Reverse Stock Split? Help!

Hey everyone. So for the last two years I’ve been investing in Nanoviricides(NNVC), an up and coming drug company which might fail or might, if I get lucky, make me super rich. I went to check my stocks today and I saw they were listed under NNVCD. I did some research and apparently that is a reverse stock split?:confused: I had roughly 3000 shares before…how many will I have now? Will I have more? From what I can tell, they are basically consolidating shares so I will have less but they will be worth more. Am I going to be getting some of the new shares?

Everything I’ve found on this topic is pretty technical so I guess I’m hoping someone will explain things to me in laymans terms.

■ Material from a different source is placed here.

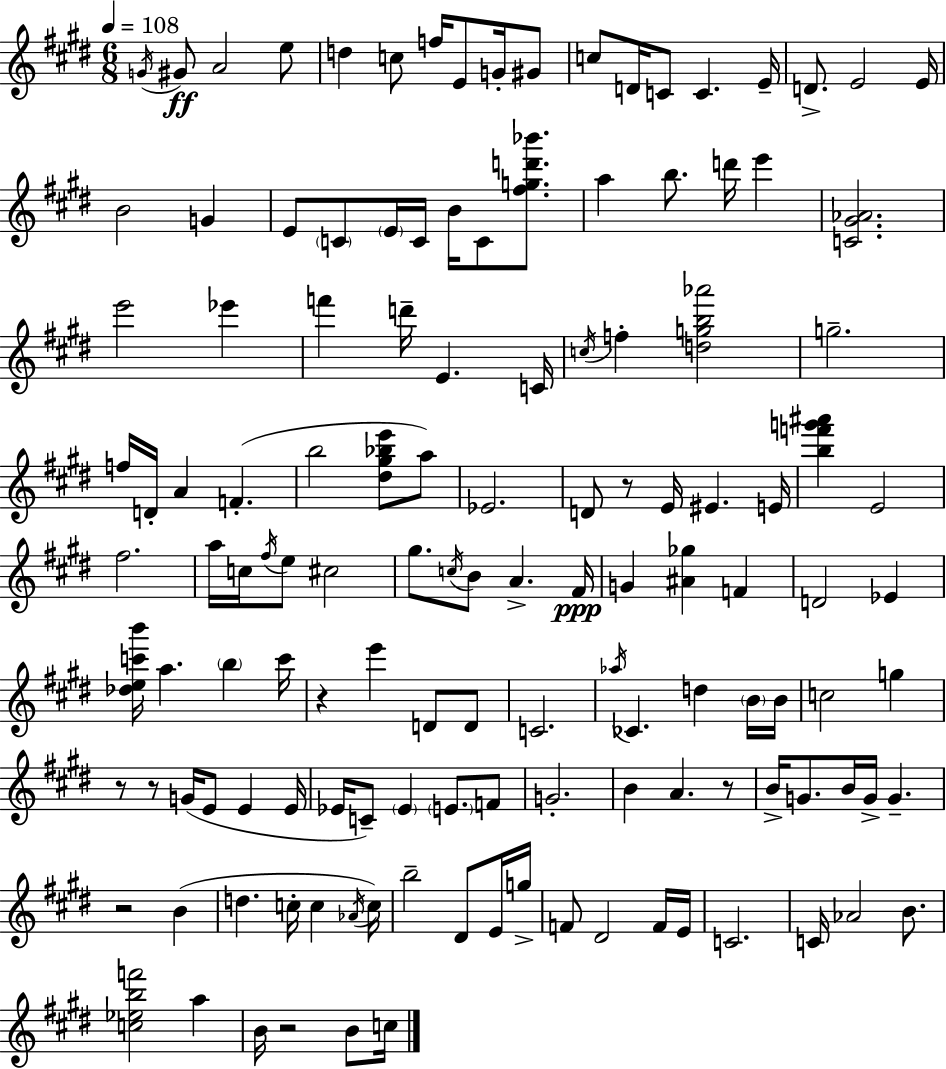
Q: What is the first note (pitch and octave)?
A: G4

It looks like the company did a 1:3.5 reverse split, so 3000 old shares is now 857 new shares. Other than the fractional part (which is typically paid in cash), you have the same shareholdings as before - they are just denominated differently. I’m also seeing signs that they did a recent offering - that could have seriously diluted you.

All they’re doing is changing the number of shares in the company. Your percentage of ownership will remain the same. Reverse splits can be done at whatever ratio the company chooses. If the split is 1:100 (one for one hundred) that means for every one hundred shares you own, you will own one “new” share. The share price will also adjust to reflect the change. A stock trading at $0.01 that undergoes a 1:100 reverse split will start trading at $1 the day of the split, assuming everything else remains the same.

A Reverse Stock Split is when your (for example) 400 shares of totally worthless stock becomes 4 shares of almost worthless stock.
Or at least that was how it worked for me.